* ABOUT THIS TASK: For this task, copy all of the data below exactly and skip the pictures.

* RAW DATA:
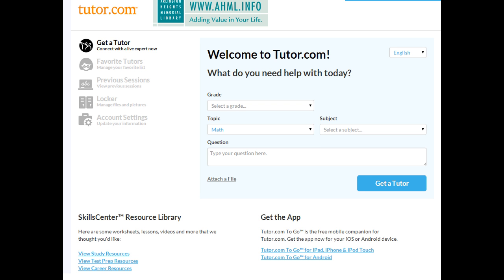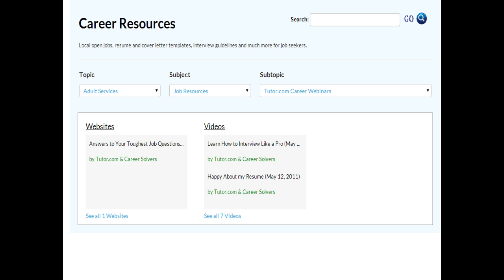Tutor.com is a resource many people think of only for test prep and study, but they actually have excellent resources for those looking for job assistance or looking to change careers. You can connect with a live tutor; at our library, tutors are available from 3 p.m. to 10 p.m. in the evening. Under Topic for Adult Services and Subject Job Resources, you can upload your resume to a tutor who will edit it for you, share a cover letter, get interviewing tips, or get help with the job boards. It is a wonderful resource that's not just for students.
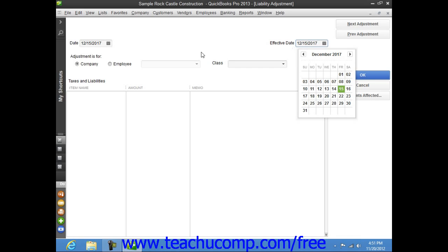Then choose whether this liability adjustment is for the company or for a specific employee.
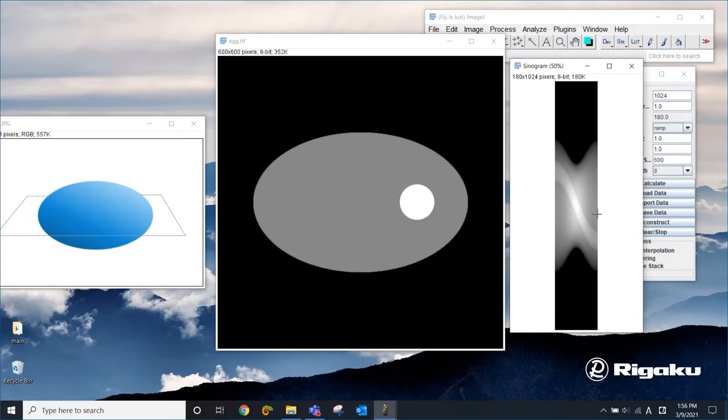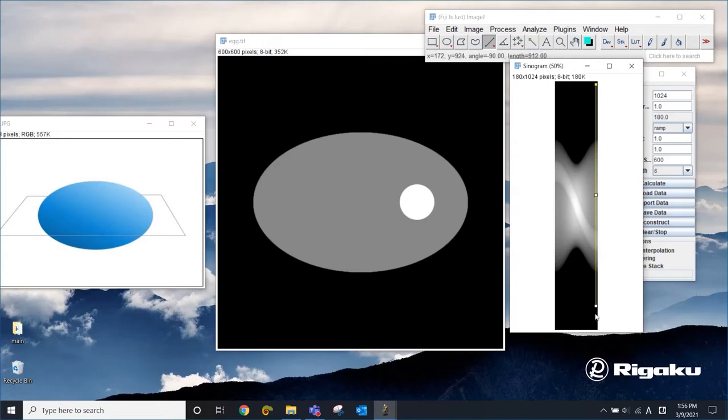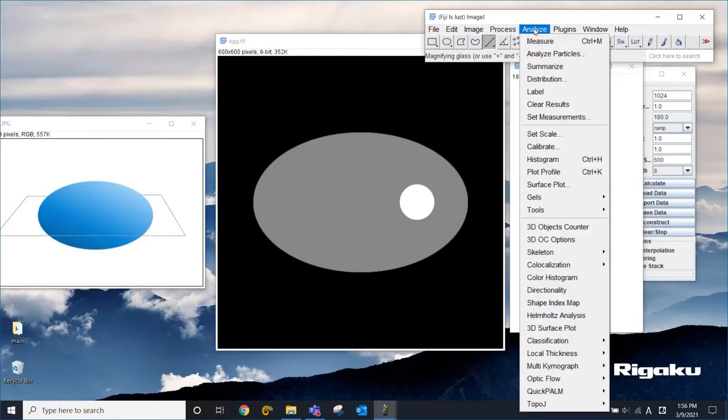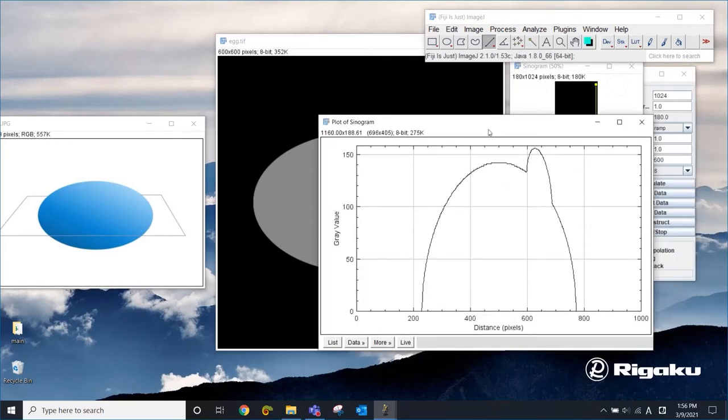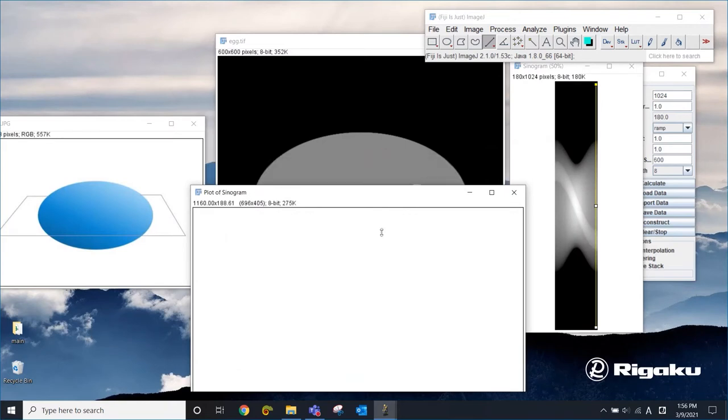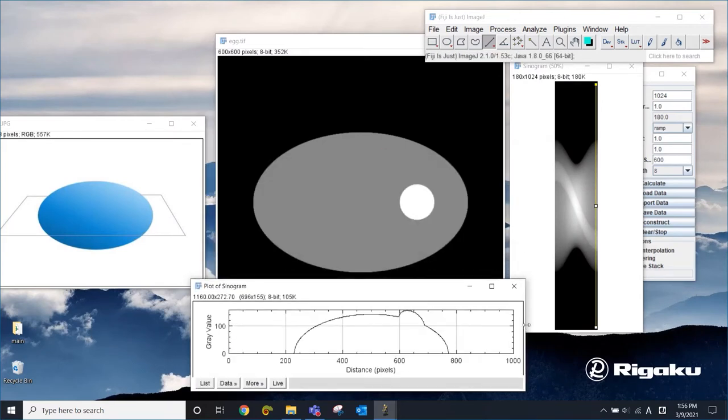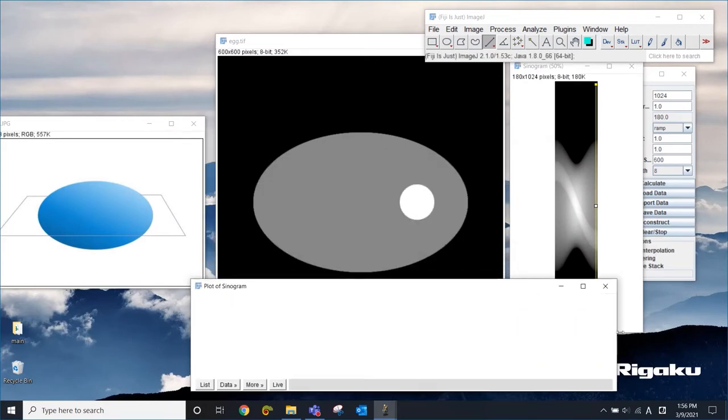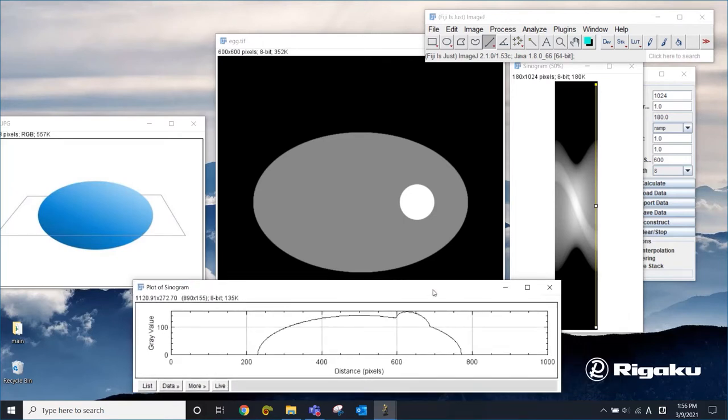Let's think about what we're looking at here. To understand this better, I'm going to draw a line here to extract just one projection. I'm going to analyze and plot profile or you can do control K. So this is just one projection, meaning that this is the projection into one direction.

* SOLUTION BELOW:
Tutor.com is a resource many people think of only for test prep and study, but they actually have excellent resources for those looking for job assistance or looking to change careers. You can connect with a live tutor; at our library, tutors are available from 3 p.m. to 10 p.m. in the evening. Under Topic for Adult Services and Subject Job Resources, you can upload your resume to a tutor who will edit it for you, share a cover letter, get interviewing tips, or get help with the job boards. It is a wonderful resource that's not just for students.
Then choose whether this liability adjustment is for the company or for a specific employee.
Let's think about what we're looking at here. To understand this better, I'm going to draw a line here to extract just one projection. I'm going to analyze and plot profile or you can do control K. So this is just one projection, meaning that this is the projection into one direction.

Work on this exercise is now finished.